[[ GIVEN INFORMATION open ]]

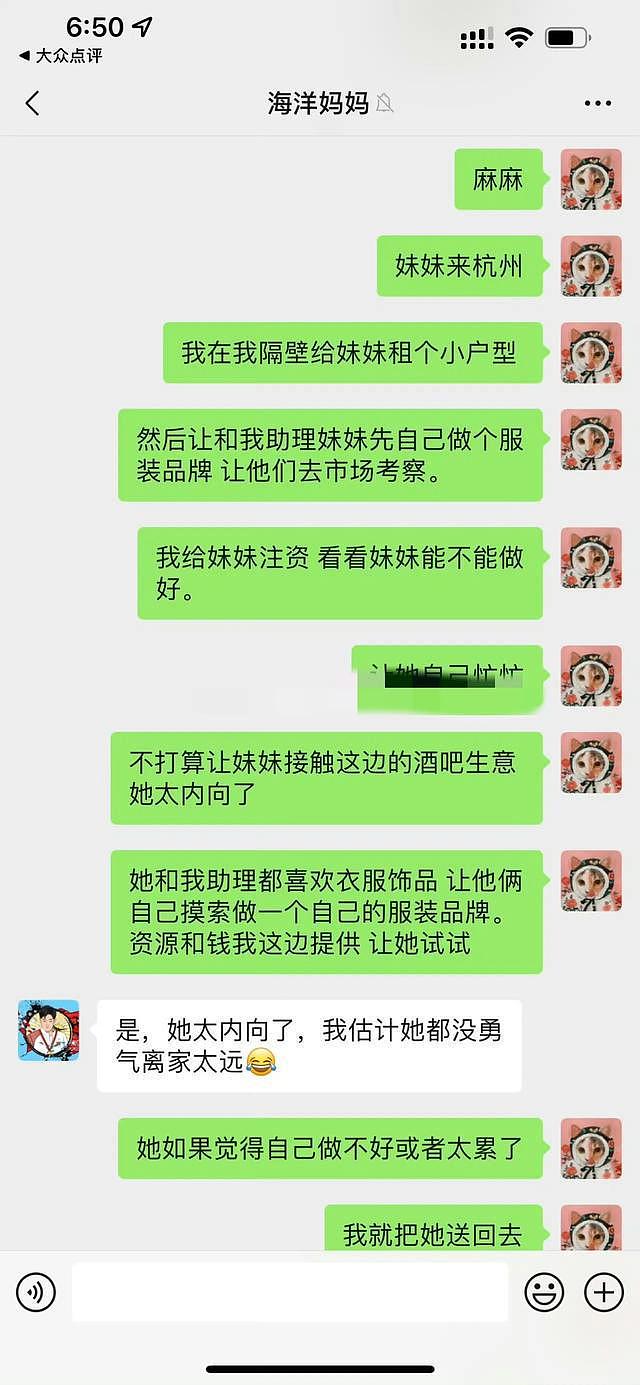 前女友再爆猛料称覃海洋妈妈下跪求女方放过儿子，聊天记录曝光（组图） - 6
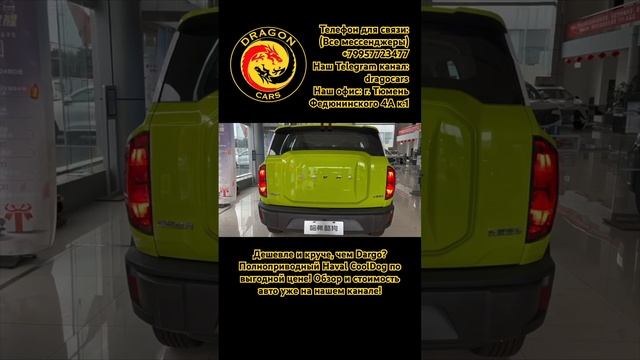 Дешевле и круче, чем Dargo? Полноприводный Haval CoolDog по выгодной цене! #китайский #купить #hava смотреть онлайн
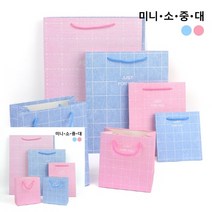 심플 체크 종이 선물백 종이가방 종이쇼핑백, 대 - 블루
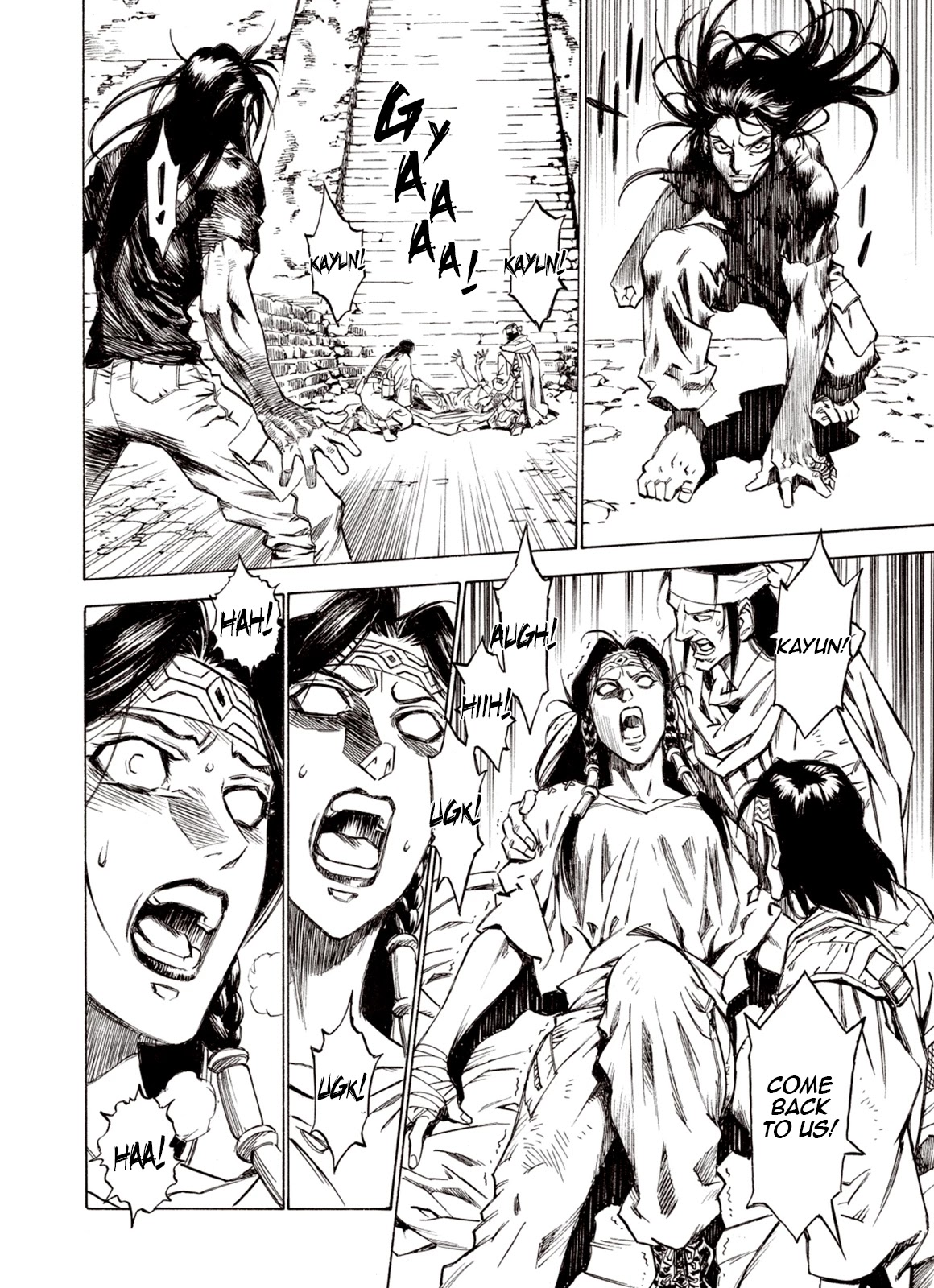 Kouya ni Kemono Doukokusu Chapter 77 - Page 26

[[ GIVEN INFORMATION closed ]]

**WHAT THE TASK REQUIRES**
The expected output is the exact run of lines from the one containing "심플 체크 종이 선물백 종이가방 종이쇼핑백, 대 - 블루" through the final line of the data above, both ends included, with no pictures.

**SOLVED PROBLEM**
 심플 체크 종이 선물백 종이가방 종이쇼핑백, 대 - 블루
 Kouya ni Kemono Doukokusu Chapter 77 - Page 26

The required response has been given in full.